INFORMATION PROVIDED:
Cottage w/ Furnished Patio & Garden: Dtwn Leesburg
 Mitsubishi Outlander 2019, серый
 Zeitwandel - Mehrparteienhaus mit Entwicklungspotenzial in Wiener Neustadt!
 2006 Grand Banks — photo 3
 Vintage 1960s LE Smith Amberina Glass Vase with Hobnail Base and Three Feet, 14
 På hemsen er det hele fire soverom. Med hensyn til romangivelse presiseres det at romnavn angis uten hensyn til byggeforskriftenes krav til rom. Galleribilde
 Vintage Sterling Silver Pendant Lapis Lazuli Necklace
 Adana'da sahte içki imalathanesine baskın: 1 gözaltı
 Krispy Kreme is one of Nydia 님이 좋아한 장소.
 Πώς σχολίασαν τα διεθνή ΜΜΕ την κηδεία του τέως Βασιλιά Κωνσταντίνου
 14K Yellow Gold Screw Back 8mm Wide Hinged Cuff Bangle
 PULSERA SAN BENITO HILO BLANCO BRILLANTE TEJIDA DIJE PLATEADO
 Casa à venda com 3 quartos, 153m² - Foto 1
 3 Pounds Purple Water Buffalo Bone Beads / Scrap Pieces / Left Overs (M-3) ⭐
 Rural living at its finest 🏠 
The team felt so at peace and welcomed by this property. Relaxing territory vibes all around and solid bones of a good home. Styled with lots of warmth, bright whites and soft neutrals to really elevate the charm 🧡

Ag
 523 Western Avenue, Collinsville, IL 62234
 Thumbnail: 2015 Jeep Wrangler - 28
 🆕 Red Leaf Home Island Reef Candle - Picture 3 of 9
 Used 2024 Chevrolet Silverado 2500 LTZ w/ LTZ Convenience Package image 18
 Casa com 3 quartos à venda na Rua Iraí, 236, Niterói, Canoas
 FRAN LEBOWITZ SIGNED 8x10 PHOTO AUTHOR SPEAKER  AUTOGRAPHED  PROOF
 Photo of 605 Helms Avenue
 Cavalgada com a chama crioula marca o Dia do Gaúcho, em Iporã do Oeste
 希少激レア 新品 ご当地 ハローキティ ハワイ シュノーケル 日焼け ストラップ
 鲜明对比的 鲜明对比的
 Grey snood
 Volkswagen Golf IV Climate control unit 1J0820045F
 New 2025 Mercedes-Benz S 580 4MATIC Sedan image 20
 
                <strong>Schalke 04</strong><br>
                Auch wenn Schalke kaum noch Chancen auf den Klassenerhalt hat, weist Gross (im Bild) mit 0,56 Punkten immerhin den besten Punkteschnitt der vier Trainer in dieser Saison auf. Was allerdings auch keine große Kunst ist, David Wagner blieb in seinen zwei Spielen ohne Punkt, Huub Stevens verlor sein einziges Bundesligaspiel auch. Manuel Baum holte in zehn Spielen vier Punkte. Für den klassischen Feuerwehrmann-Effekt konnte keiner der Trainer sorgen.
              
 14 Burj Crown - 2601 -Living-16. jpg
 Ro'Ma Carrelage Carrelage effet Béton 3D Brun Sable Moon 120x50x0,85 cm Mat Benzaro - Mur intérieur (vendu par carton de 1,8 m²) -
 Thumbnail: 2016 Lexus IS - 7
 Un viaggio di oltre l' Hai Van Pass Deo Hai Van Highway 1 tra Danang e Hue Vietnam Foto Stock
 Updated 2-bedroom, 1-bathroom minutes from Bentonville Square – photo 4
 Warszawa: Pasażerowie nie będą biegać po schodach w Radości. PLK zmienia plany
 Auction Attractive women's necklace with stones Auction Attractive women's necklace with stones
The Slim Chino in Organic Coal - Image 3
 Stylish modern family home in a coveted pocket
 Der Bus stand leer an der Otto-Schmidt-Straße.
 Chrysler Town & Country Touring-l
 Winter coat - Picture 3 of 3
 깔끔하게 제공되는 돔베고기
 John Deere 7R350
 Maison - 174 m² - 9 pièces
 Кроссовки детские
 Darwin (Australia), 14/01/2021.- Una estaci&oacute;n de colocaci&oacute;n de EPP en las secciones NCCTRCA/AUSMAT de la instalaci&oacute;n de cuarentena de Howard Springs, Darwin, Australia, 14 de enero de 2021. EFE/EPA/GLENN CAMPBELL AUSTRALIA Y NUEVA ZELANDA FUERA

WHAT IS EXPECTED: Every single entry above has to be copied exactly.

TASK RESPONSE:
Cottage w/ Furnished Patio & Garden: Dtwn Leesburg
 Mitsubishi Outlander 2019, серый
 Zeitwandel - Mehrparteienhaus mit Entwicklungspotenzial in Wiener Neustadt!
 2006 Grand Banks — photo 3
 Vintage 1960s LE Smith Amberina Glass Vase with Hobnail Base and Three Feet, 14
 På hemsen er det hele fire soverom. Med hensyn til romangivelse presiseres det at romnavn angis uten hensyn til byggeforskriftenes krav til rom. Galleribilde
 Vintage Sterling Silver Pendant Lapis Lazuli Necklace
 Adana'da sahte içki imalathanesine baskın: 1 gözaltı
 Krispy Kreme is one of Nydia 님이 좋아한 장소.
 Πώς σχολίασαν τα διεθνή ΜΜΕ την κηδεία του τέως Βασιλιά Κωνσταντίνου
 14K Yellow Gold Screw Back 8mm Wide Hinged Cuff Bangle
 PULSERA SAN BENITO HILO BLANCO BRILLANTE TEJIDA DIJE PLATEADO
 Casa à venda com 3 quartos, 153m² - Foto 1
 3 Pounds Purple Water Buffalo Bone Beads / Scrap Pieces / Left Overs (M-3) ⭐
 Rural living at its finest 🏠 
The team felt so at peace and welcomed by this property. Relaxing territory vibes all around and solid bones of a good home. Styled with lots of warmth, bright whites and soft neutrals to really elevate the charm 🧡

Ag
 523 Western Avenue, Collinsville, IL 62234
 Thumbnail: 2015 Jeep Wrangler - 28
 🆕 Red Leaf Home Island Reef Candle - Picture 3 of 9
 Used 2024 Chevrolet Silverado 2500 LTZ w/ LTZ Convenience Package image 18
 Casa com 3 quartos à venda na Rua Iraí, 236, Niterói, Canoas
 FRAN LEBOWITZ SIGNED 8x10 PHOTO AUTHOR SPEAKER  AUTOGRAPHED  PROOF
 Photo of 605 Helms Avenue
 Cavalgada com a chama crioula marca o Dia do Gaúcho, em Iporã do Oeste
 希少激レア 新品 ご当地 ハローキティ ハワイ シュノーケル 日焼け ストラップ
 鲜明对比的 鲜明对比的
 Grey snood
 Volkswagen Golf IV Climate control unit 1J0820045F
 New 2025 Mercedes-Benz S 580 4MATIC Sedan image 20
 
                <strong>Schalke 04</strong><br>
                Auch wenn Schalke kaum noch Chancen auf den Klassenerhalt hat, weist Gross (im Bild) mit 0,56 Punkten immerhin den besten Punkteschnitt der vier Trainer in dieser Saison auf. Was allerdings auch keine große Kunst ist, David Wagner blieb in seinen zwei Spielen ohne Punkt, Huub Stevens verlor sein einziges Bundesligaspiel auch. Manuel Baum holte in zehn Spielen vier Punkte. Für den klassischen Feuerwehrmann-Effekt konnte keiner der Trainer sorgen.
              
 14 Burj Crown - 2601 -Living-16. jpg
 Ro'Ma Carrelage Carrelage effet Béton 3D Brun Sable Moon 120x50x0,85 cm Mat Benzaro - Mur intérieur (vendu par carton de 1,8 m²) -
 Thumbnail: 2016 Lexus IS - 7
 Un viaggio di oltre l' Hai Van Pass Deo Hai Van Highway 1 tra Danang e Hue Vietnam Foto Stock
 Updated 2-bedroom, 1-bathroom minutes from Bentonville Square – photo 4
 Warszawa: Pasażerowie nie będą biegać po schodach w Radości. PLK zmienia plany
 Auction Attractive women's necklace with stones Auction Attractive women's necklace with stones
The Slim Chino in Organic Coal - Image 3
 Stylish modern family home in a coveted pocket
 Der Bus stand leer an der Otto-Schmidt-Straße.
 Chrysler Town & Country Touring-l
 Winter coat - Picture 3 of 3
 깔끔하게 제공되는 돔베고기
 John Deere 7R350
 Maison - 174 m² - 9 pièces
 Кроссовки детские
 Darwin (Australia), 14/01/2021.- Una estaci&oacute;n de colocaci&oacute;n de EPP en las secciones NCCTRCA/AUSMAT de la instalaci&oacute;n de cuarentena de Howard Springs, Darwin, Australia, 14 de enero de 2021. EFE/EPA/GLENN CAMPBELL AUSTRALIA Y NUEVA ZELANDA FUERA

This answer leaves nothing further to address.